About this task: Word for word, set down every line of the entries below from the line with "星期六童鞋儿童雪地靴2025" to the line with "野菜だより 2012年3月号別冊付録（土づくりガイドブック）", including both, and no other line.

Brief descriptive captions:
- Opening Delimiter -
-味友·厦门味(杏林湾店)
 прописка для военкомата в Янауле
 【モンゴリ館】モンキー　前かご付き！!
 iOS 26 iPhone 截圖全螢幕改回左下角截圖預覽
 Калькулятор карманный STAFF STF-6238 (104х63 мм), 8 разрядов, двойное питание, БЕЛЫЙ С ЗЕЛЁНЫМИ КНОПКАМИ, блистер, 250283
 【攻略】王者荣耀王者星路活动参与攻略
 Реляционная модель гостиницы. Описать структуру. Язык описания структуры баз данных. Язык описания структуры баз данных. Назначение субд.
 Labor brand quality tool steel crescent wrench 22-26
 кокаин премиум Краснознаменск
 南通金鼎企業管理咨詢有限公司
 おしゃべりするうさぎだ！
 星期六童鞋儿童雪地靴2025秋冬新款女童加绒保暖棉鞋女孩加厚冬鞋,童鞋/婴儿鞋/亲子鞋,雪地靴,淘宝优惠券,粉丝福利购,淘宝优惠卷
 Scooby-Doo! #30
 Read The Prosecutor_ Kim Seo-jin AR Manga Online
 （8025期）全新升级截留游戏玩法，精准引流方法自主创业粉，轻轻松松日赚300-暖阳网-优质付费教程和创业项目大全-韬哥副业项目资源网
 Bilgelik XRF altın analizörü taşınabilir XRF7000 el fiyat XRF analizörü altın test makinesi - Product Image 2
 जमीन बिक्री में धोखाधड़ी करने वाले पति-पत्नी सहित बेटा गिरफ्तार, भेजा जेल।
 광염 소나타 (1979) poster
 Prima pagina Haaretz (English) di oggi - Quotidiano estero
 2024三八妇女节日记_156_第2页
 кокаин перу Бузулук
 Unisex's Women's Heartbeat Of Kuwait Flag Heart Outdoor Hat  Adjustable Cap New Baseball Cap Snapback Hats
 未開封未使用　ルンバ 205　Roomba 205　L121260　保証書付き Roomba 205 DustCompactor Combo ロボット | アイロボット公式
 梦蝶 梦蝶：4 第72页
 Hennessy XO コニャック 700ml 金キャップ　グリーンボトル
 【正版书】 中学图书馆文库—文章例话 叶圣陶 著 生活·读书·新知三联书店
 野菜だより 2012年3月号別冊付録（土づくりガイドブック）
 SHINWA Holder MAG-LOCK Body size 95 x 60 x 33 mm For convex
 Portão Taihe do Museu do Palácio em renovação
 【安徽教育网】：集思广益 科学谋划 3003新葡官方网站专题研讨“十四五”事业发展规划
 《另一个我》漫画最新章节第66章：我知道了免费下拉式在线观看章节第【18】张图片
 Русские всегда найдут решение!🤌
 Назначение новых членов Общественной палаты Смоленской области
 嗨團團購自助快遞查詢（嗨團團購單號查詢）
- Closing Delimiter -
Finished exercise:
 星期六童鞋儿童雪地靴2025秋冬新款女童加绒保暖棉鞋女孩加厚冬鞋,童鞋/婴儿鞋/亲子鞋,雪地靴,淘宝优惠券,粉丝福利购,淘宝优惠卷
 Scooby-Doo! #30
 Read The Prosecutor_ Kim Seo-jin AR Manga Online
 （8025期）全新升级截留游戏玩法，精准引流方法自主创业粉，轻轻松松日赚300-暖阳网-优质付费教程和创业项目大全-韬哥副业项目资源网
 Bilgelik XRF altın analizörü taşınabilir XRF7000 el fiyat XRF analizörü altın test makinesi - Product Image 2
 जमीन बिक्री में धोखाधड़ी करने वाले पति-पत्नी सहित बेटा गिरफ्तार, भेजा जेल।
 광염 소나타 (1979) poster
 Prima pagina Haaretz (English) di oggi - Quotidiano estero
 2024三八妇女节日记_156_第2页
 кокаин перу Бузулук
 Unisex's Women's Heartbeat Of Kuwait Flag Heart Outdoor Hat  Adjustable Cap New Baseball Cap Snapback Hats
 未開封未使用　ルンバ 205　Roomba 205　L121260　保証書付き Roomba 205 DustCompactor Combo ロボット | アイロボット公式
 梦蝶 梦蝶：4 第72页
 Hennessy XO コニャック 700ml 金キャップ　グリーンボトル
 【正版书】 中学图书馆文库—文章例话 叶圣陶 著 生活·读书·新知三联书店
 野菜だより 2012年3月号別冊付録（土づくりガイドブック）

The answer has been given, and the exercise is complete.